▸ WHAT IS EXPECTED
Leaving out the pictures, return word for word the stretch of entries below from the line holding "Skoda Fabia Climatronic" through the line holding "FICUS PANDURATA BAMBINO CHICO".

▸ DATASET ENTRIES
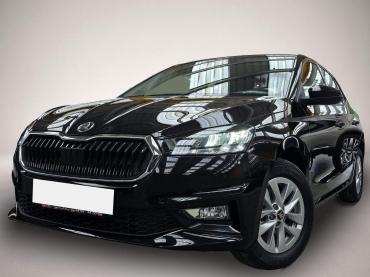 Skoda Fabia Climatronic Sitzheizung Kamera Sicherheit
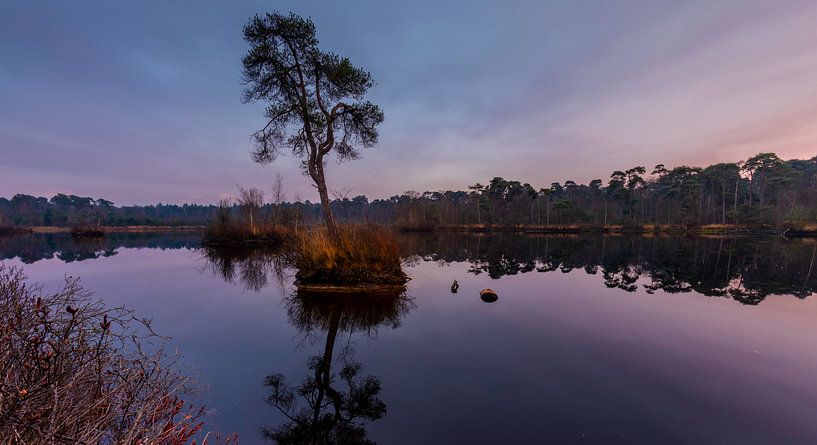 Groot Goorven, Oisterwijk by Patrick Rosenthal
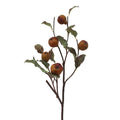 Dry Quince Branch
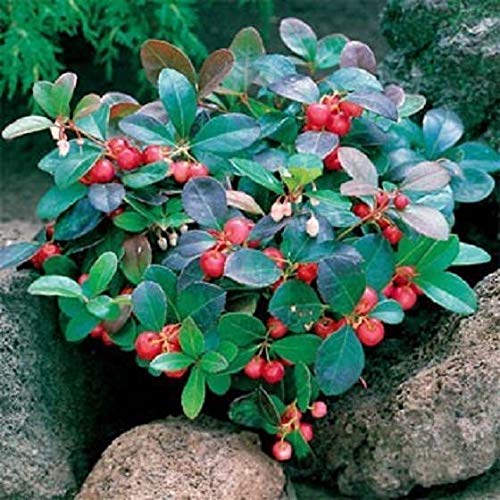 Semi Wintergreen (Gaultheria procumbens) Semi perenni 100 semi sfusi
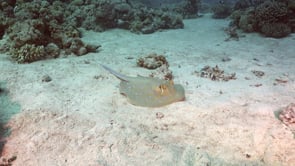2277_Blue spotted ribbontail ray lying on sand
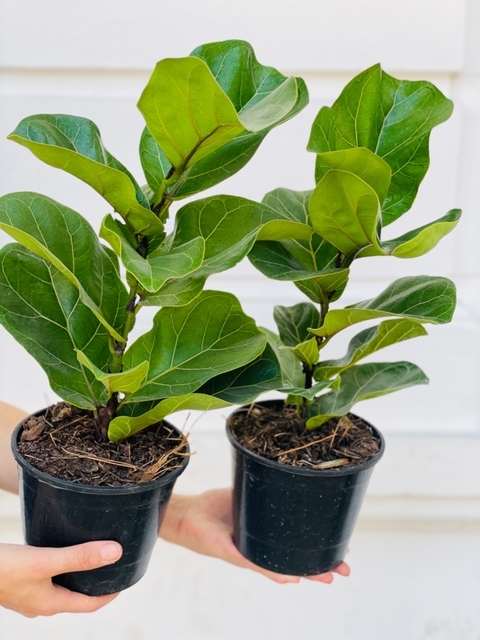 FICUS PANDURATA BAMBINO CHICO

...

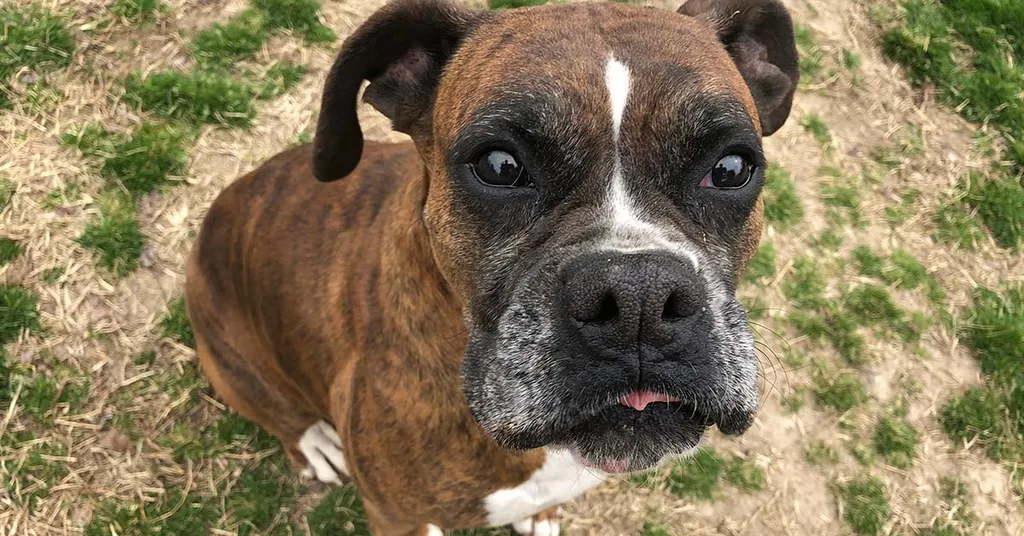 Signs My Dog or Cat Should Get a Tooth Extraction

--

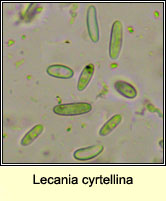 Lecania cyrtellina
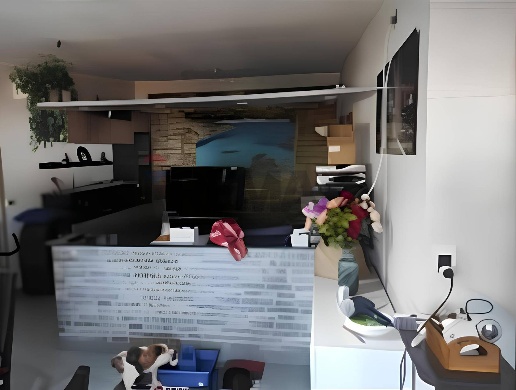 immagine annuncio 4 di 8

▸ ANSWER TO THIS EXERCISE
 Skoda Fabia Climatronic Sitzheizung Kamera Sicherheit
 Groot Goorven, Oisterwijk by Patrick Rosenthal
 Dry Quince Branch
 Semi Wintergreen (Gaultheria procumbens) Semi perenni 100 semi sfusi
2277_Blue spotted ribbontail ray lying on sand
 FICUS PANDURATA BAMBINO CHICO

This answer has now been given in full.